Dr Diana Stojanovski
The University of Melbourne
Dysfunction in mitochondrial protein import and mitochondrial disease
Future development of treatments will, it is hoped, stem from this important research. The project aims to improve our understanding of mitochondrial biology, mitochondrial function and mitochondrial physiology in disease. This knowledge will have far reaching implications for many areas of mitochondrial research.
Mitochondrial diseases are clinically and genetically varied, with over 250 disease genes identified so far. Although many aspects of human mitochondrial biology are well understood, others such as mitochondrial protein import remain less defined. Dr Diana Stojanovski will lead a team of
experts to investigate how mitochondrial protein import dysfunction leads to mitochondrial disease (mito).
Expanding the understanding of the biology of mito will facilitate the creation of new models to uncover pathomechanisms overseeing mitochondrial disorders linked with protein dysfunction.
The mitochondrion is the cell’s power plant, where sugars from the food we eat are converted into energy that fuels our body.
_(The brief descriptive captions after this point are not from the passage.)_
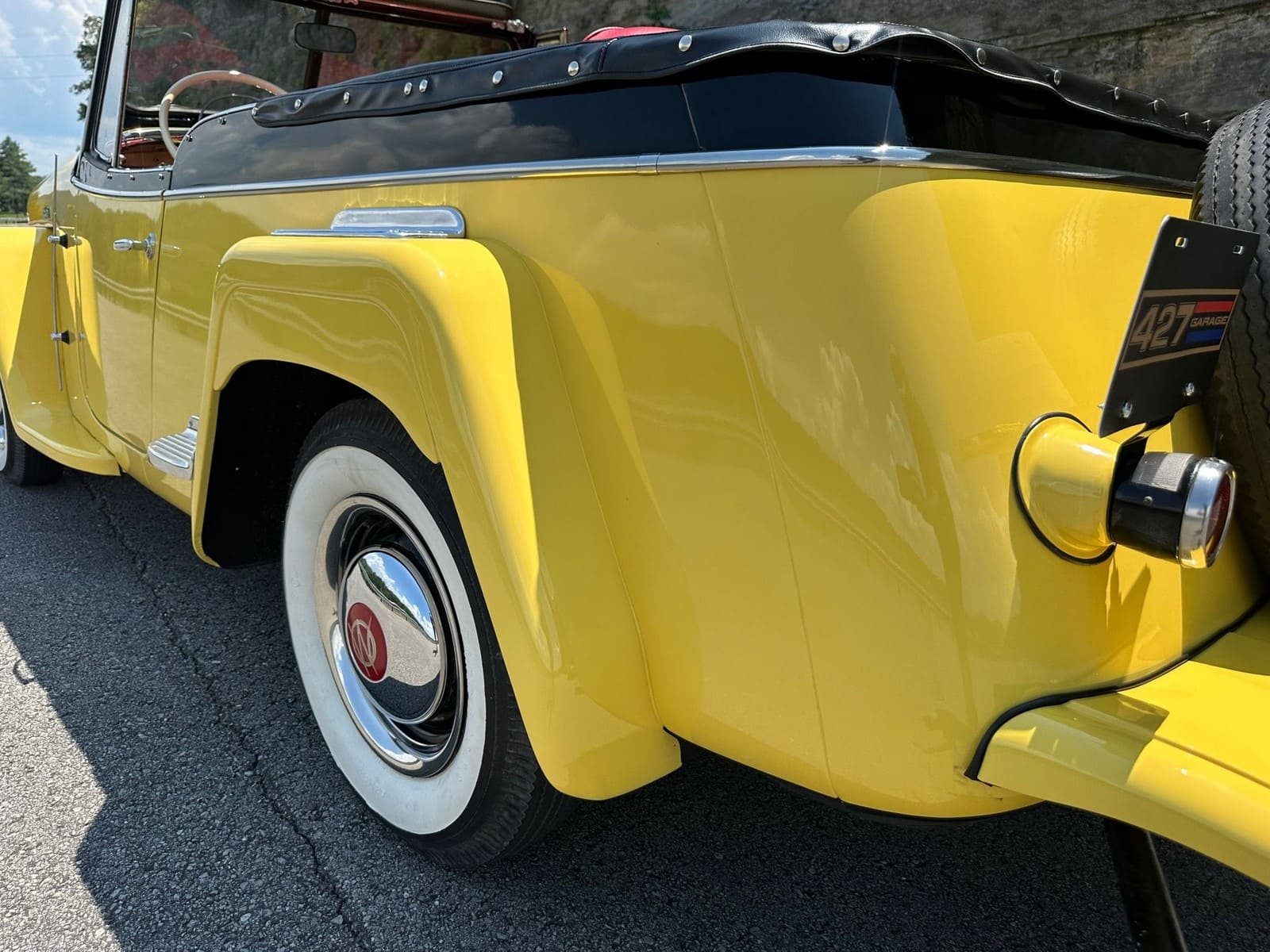 1948 - WILLYS JEEPSTER YELLOW, foto 56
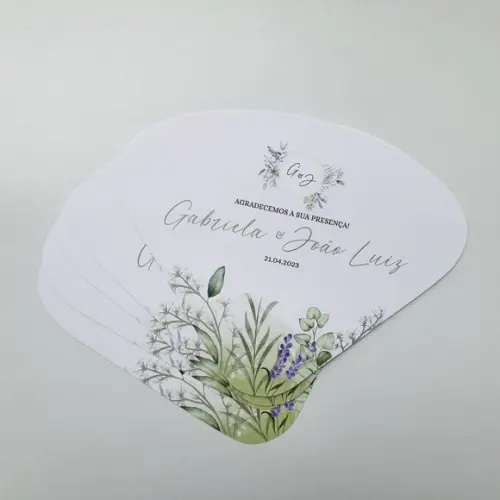 Ventarola Leque Personalizada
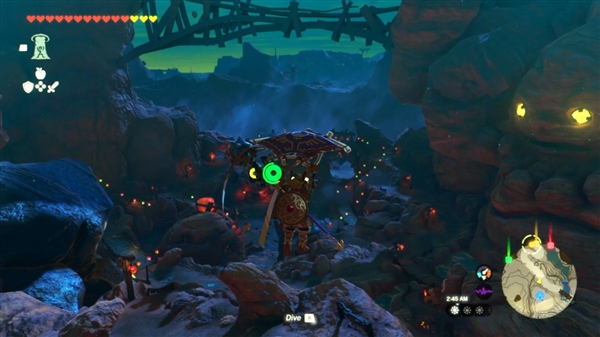 《塞尔达:王国之泪》在PC上开启光追效果 画面很华丽(图2) 《塞尔达:王国之泪》在PC上开启光追效果 画面很华丽(图2)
Inside the power plant is a workforce of ‘proteins’ that perform many critical functions of mitochondria. Mitochondrial protein import is the process through which mitochondrial proteins are delivered to and assembled correctly within mitochondria. If this process fails, energy production is affected, which has drastic implication on mitochondrial health and function.
While investigating protein dysfunction, Dr Stojanovski hopes to identify new therapeutic targets for mito.
Through the training of students and personnel involved in the research, this project will expand research efforts in mitochondrial medicine.